Some people have issues you know.
Have you seen derrel's blog? Looks like a ken rockwell's wanna be page but with 10 year old crap and alot of whining and bitching. At least ken have a sense of humour hahahhahah. 
He's just one old mediocre photographer who doesnt get much ass. thats why he is frustrated and ***** all day long on TFP. thats sad



Here some advice. 

How long untill the shoot?

Get your gear together now and try to emulate the same setup you will have during the food shoot at your client's location and experiement, get these shots into photoshop and post process them to see what type of lightning you need to get that seemless white look your client is looking for. You might not get the look you are going for right out of the box but a little post processing might be needed. I would use a softbox, i've done a couple food gig and my key light was a softbox and i used a couple relfectors. My setup was different since the shots were done in a pub restaurant with the bar and the whole restaurant in the background.

just experiment, like bouchard said, light your background and your food seperatly. getting that white background plain white shouldnt be more different than portraits, add more light to the background.


----------



## Derrel

Dear G,
    I am flattered that I have you as my own personal French-Canadian internet stalker! I appreciate the "interest" you have shown in me in post after post after post here on TPF, but I need to clear up what I think is a misunderstanding you might be operating under, Gayhomme; you see, I'm not gay!!! I'm not after "ass" like you are, but the opposite. I am after what the **females of the species have** and which men do not have. You see, as a heterosexual man, I like to "tap it", with women. You are clearly just lashing out at me on TPF,repeatedly, because you're feeling low ever since your lover left you for another man, but please don't use that excuse to be a hater! :hug::


Some day, you'll find another man to replace him,G. Keep your spirits up, and keep telling yourself that he didn't leave you because of your inadequacies, or your frugal nature, or ANYTHING that "you" did wrong. He probably left because his new boyfriend is better-looking, more virile, and wealthier,and he was just simply tired of explaining the tapette thing to his parents. So, keep your eyes focused on looking for a new lover who will appreciate you for what you DO have, like your rapier wit, your old Peugeot sedan, and some nice lighting gear! Keep your ear to the ground. And, I heard about the bad experience you had in the leather bar in Toronto, but I think maybe you ought to give at least one or two of the guys there another chance to plumb your depths, and to see what a wonderful man you really are! 

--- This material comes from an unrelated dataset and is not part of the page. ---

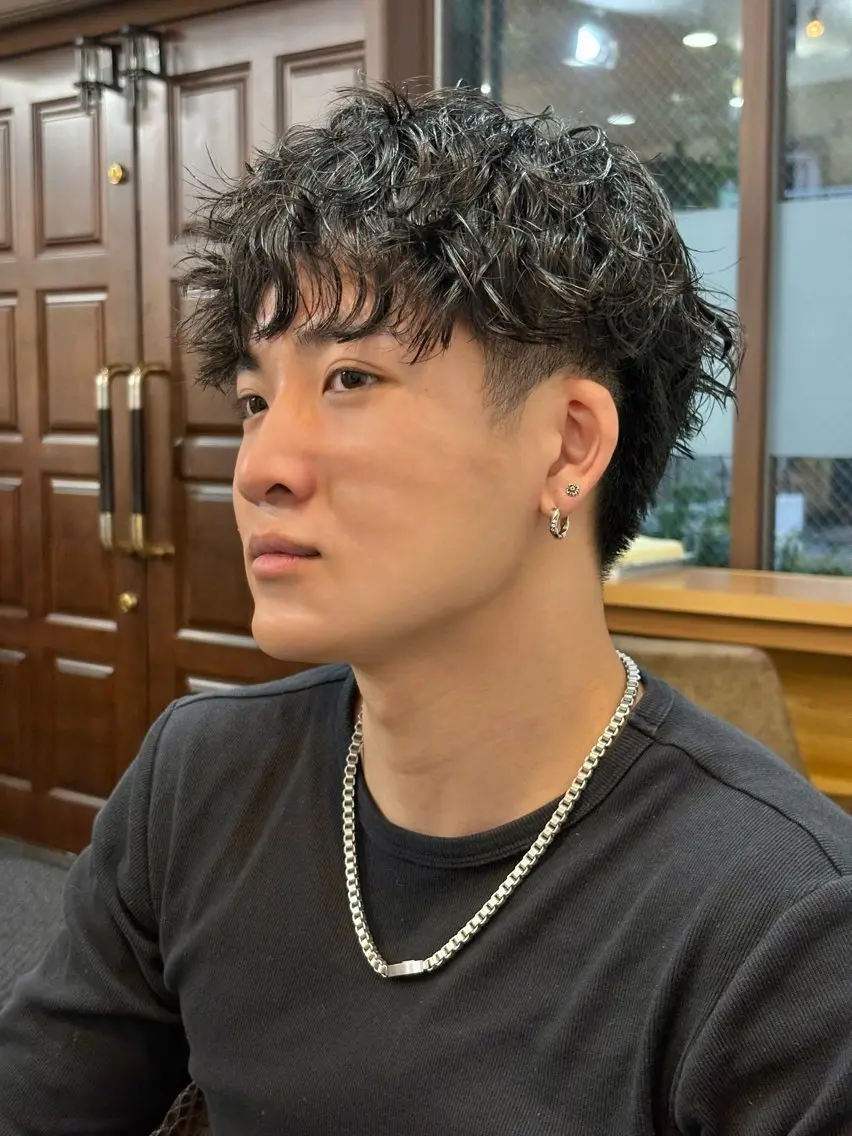 パーマ メンズ 💈直毛×ツイスパの プロ🥷清水真之介のヘアスタイル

All the best to you!:thumbup::thumbup:


----------



## ghache

Derrel said:


> Dear G,
> I am flattered that I have you as my own personal French-Candian internet stalker! I appreciate the "interest" you have shown in me in mpost after post after post here on TPF, but I need to clear up what I think is a misunderstanding you might be operating under, Gayhomme; you see, I'm not gay!!! I'm not after "ass" like you are, but the opposite. I am after what the **females of the species have** and which men do not have. You see, as a heterosexual man, I like to "tap it", with women. You are clearly just lashing out at me on TPF,repeatedly, because you're feeling low ever since your boyfriend left you for another man, but please don't use that excuse to be a hater! :hug::
> 
> 
> Some day, you'll find another man to replace him,G. Keep your spirits up, and keep telling yourself that he didn't leave you because of your inadequacies, or your frugal nature, or ANYTHING that "you" did wrong. He probably left because his new boyfriend is better-looking, more virile, and wealthier,and he was just simply tired of explaining the tapette thing to his parents. So, keep your eyes focused on looking for a new lover who will appreciate you for what you DO have, like your rapier wit, your old Peugeot sedan, and some nice lighting gear! Keep your ear to the ground. And, I heard about the bad experience you had in the leather bar in Toronto, but I think maybe you ought to give at least one or two of the guys there another chance to plumb your depths, and to see what a wonderful man you really are!
> 
> 
> All the best to you!:thumbup::thumbup:




HAHAHAHAHA.....
	

	
	
		
		

		
			





Cmon derrel, calling gay people "tapette" is not nice.


----------



## Destin

Derrel said:
			
		

> Dear G,
> I am flattered that I have you as my own personal French-Canadian internet stalker! I appreciate the "interest" you have shown in me in post after post after post here on TPF, but I need to clear up what I think is a misunderstanding you might be operating under, Gayhomme; you see, I'm not gay!!! I'm not after "ass" like you are, but the opposite. I am after what the **females of the species have** and which men do not have. You see, as a heterosexual man, I like to "tap it", with women. You are clearly just lashing out at me on TPF,repeatedly, because you're feeling low ever since your lover left you for another man, but please don't use that excuse to be a hater! :hug::
> 
> Some day, you'll find another man to replace him,G. Keep your spirits up, and keep telling yourself that he didn't leave you because of your inadequacies, or your frugal nature, or ANYTHING that "you" did wrong. He probably left because his new boyfriend is better-looking, more virile, and wealthier,and he was just simply tired of explaining the tapette thing to his parents. So, keep your eyes focused on looking for a new lover who will appreciate you for what you DO have, like your rapier wit, your old Peugeot sedan, and some nice lighting gear! Keep your ear to the ground. And, I heard about the bad experience you had in the leather bar in Toronto, but I think maybe you ought to give at least one or two of the guys there another chance to plumb your depths, and to see what a wonderful man you really are!
> 
> All the best to you!:thumbup::thumbup:



HHAHAHAHAHAHAHA Darrel, I love you for that, in a totally non-homosexual way 


But for real, to the OP: you keep telling us you're a pro. Would you tell us what type of photography your a pro at? Because just about the only pros who would get by without knowing how to set up simple
Lighting like this are.... Landscape shooters. Just about every other type of photography require knowing enough about lighting to be able to figure out a simple white background. 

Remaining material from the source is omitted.